The Chief Ombudsman will be given overall responsibility for determinations, with the aim of improving consistency across outcomes, but without introducing a formal precedent-based system. The FOS board is to remain responsible for the scheme’s overall effectiveness and governance framework, preserving a clearer internal distinction between operational oversight and adjudication. 

More significantly, the Government also intends to take a more direct role in key appointments, by making the appointment of the FOS Chair a government responsibility and the appointment of the Chief Ombudsman subject to government approval. In principle, these changes should improve FOS accountability, but they will need to be handled carefully if the FOS is to remain, and be seen to remain, an independent dispute resolution body. 

The FCA Proposals

Introduction of a registration phase for complaints

The FCA and the FOS propose introducing a further registration stage between a complaint being referred to the FOS and it being investigated. Complaints would only proceed to the investigation stage where: a final response letter has been received (or the deadline has passed); there are no fundamental objections on admissibility or jurisdiction; there are no regulatory or litigation-related reasons for the case not to proceed; and the complaint meets a minimum evidential standard.

This proposal is a direct response to a well-documented problem of certain claims management companies and other professional representatives bringing poorly articulated or meritless complaints, placing a significant time and resource burden on the FOS. The registration phase, if administered correctly, should go some way to limiting the effectiveness of this CMC tactic. 

Identification of MREs

As referenced above, the FCA has proposed the following criteria for identifying a potential MRE: 

  1. it affects a high number of customers; 
  2. it has a significant impact on individual consumers, including those in vulnerable circumstances; 
  3. it is likely to lead to a high redress bill; 
  4. it results in a significant number of firms being unable to meet their redress liabilities; 
  5. it leads to a high number of FOS complaints; and/or 
  6. it is driven by a systemic or repeated failing that damages the financial system. 

The FCA is not proposing to set rigid thresholds or to require a certain number of criteria to be met before an issue is treated as an MRE, and this flexible approach seems sensible.

Lead Complaints Process

The proposed lead complaints process is designed to streamline the handling of large volumes of similar cases by using a single ‘lead’ complaint to guide the resolution of others.

This should promote consistency and reduce duplication, particularly in high-volume areas.
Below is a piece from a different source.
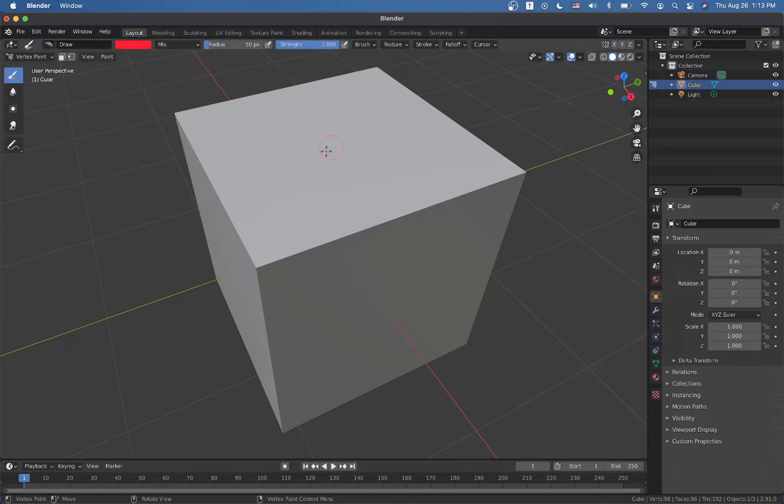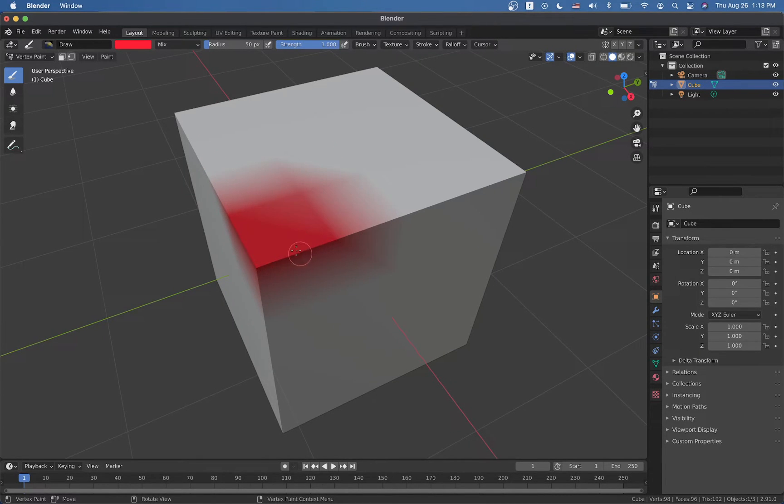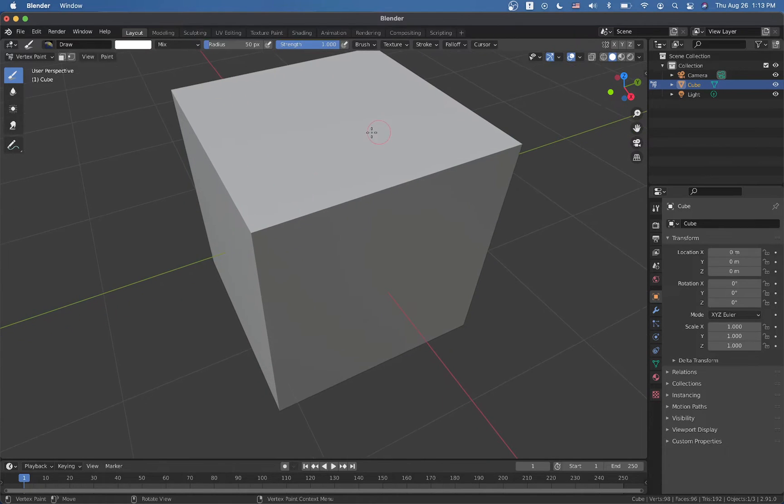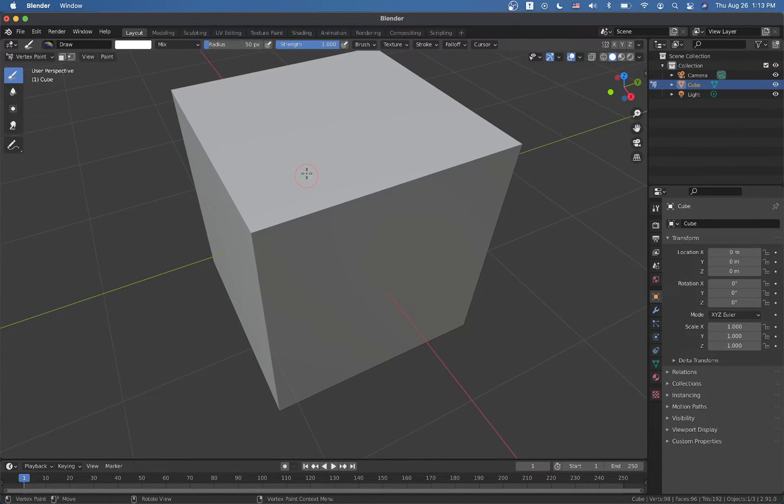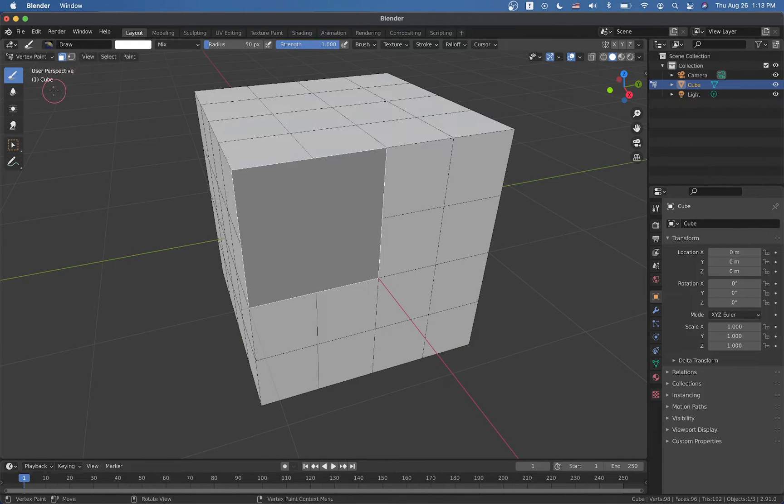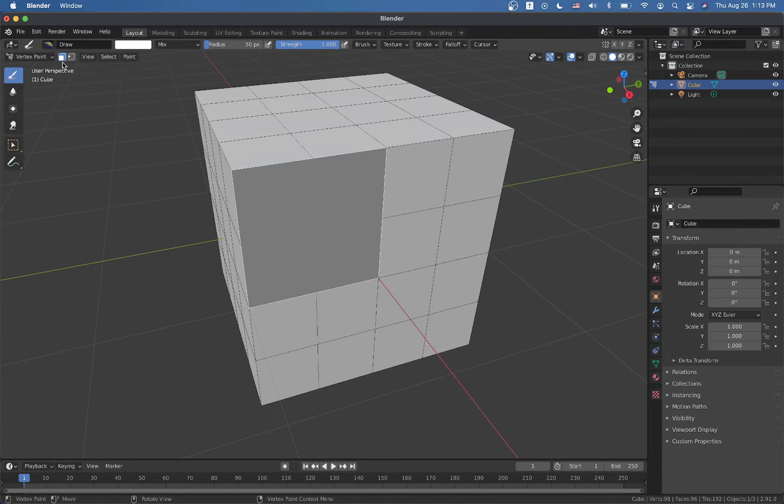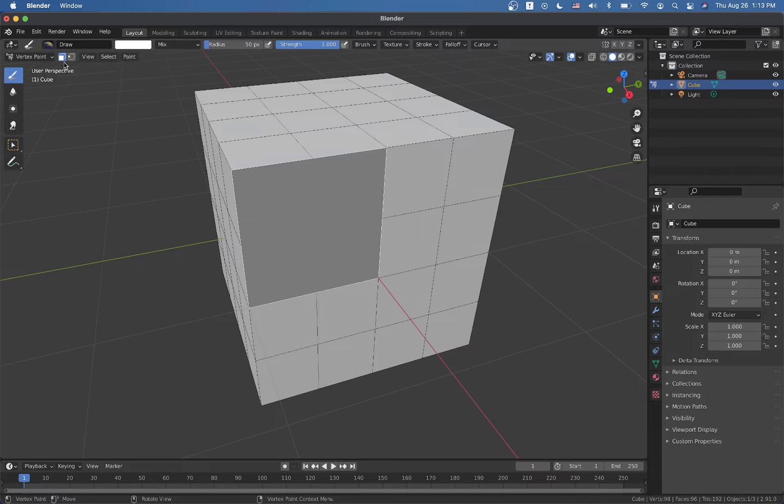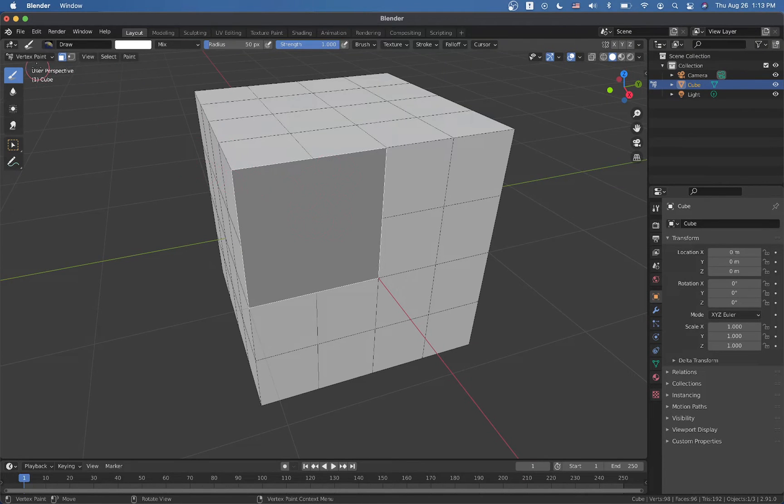Here we can color normally using the brush, but we don't want that. We want to color certain faces. So instead of a brush, we select face paint mask mode.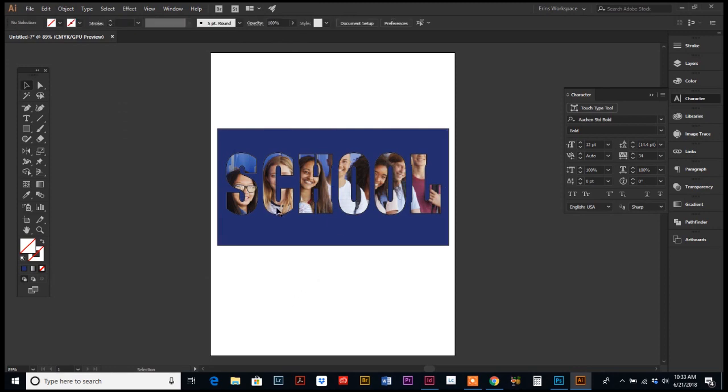Now we have a cool little piece of artwork with our photo showing through the knockout. Lots of different ways you can use this. And as you can see, it's really simple in the whole world of Illustrator. So go ahead and play around with that.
However, its effectiveness will depend on selecting genuinely representative cases. A poorly chosen lead complaint risks distorting outcomes across a wider cohort. There is also a clear risk of delay if related complaints are paused pending the lead decision. The FOS has indicated that it is considering safeguards, including time limits and the ability to release cases where appropriate.

As with the referral mechanism, the success of this process will turn on the detail, in particular, the criteria for selecting lead cases, the treatment of outliers, and the robustness of time limits.

Amendments to Dismissal Grounds

The proposed changes are intended to give the FOS a clearer and wider scope to decline complaints that are better dealt with through the courts or other formal processes.

FOS will be excluded from the new alternative dispute resolution regime being established under the Digital Markets, Competition and Consumers Act 2024. Since the passage of the Alternative Dispute Resolution for Consumer Disputes (Competent Authorities and Information) Regulations 2015, the FOS’s ability to dismiss complaints on the basis that they are more appropriately dealt with by the courts has been materially constrained. The removal of that constraint is sensible and long overdue.

Whilst the expanded dismissal grounds may not impact large volumes of cases, those that may be dismissed are likely to be disproportionately high value, complex and potentially with the greatest contagion risk.  It is appropriate for such cases (e.g. involving complex fraud or highly complex legal questions) to be determined outside of an informal dispute resolution scheme. 

One issue that the Treasury's consultation has not addressed, and which we consider warrants further attention, is the asymmetry of rights between firms and consumers in the FOS process. Consumers remain free to reject the FOS's outcome and pursue their claim through the courts. By contrast, firms are bound by the FOS's determination, subject only to the narrow grounds of judicial review. This may need to be reconsidered, particularly in combination with the money award limit, which at £430,000 makes the FOS an unusually high-stakes informal forum. At these values, the absence of a meaningful appeal right for firms is increasingly difficult to justify, even if it would need measures to avoid misuse.

Our Final Determination 

When tested against the four requirements we identified in our earlier analysis as necessary to achieve greater predictability: 1) clarity of expectation on firms; 2) early identification of emerging issues; 3) prompt and orderly action; and 4) confidence in the decision-making process, the reform package makes genuine progress on all but it is not yet clear whether it will fully deliver on any of them. 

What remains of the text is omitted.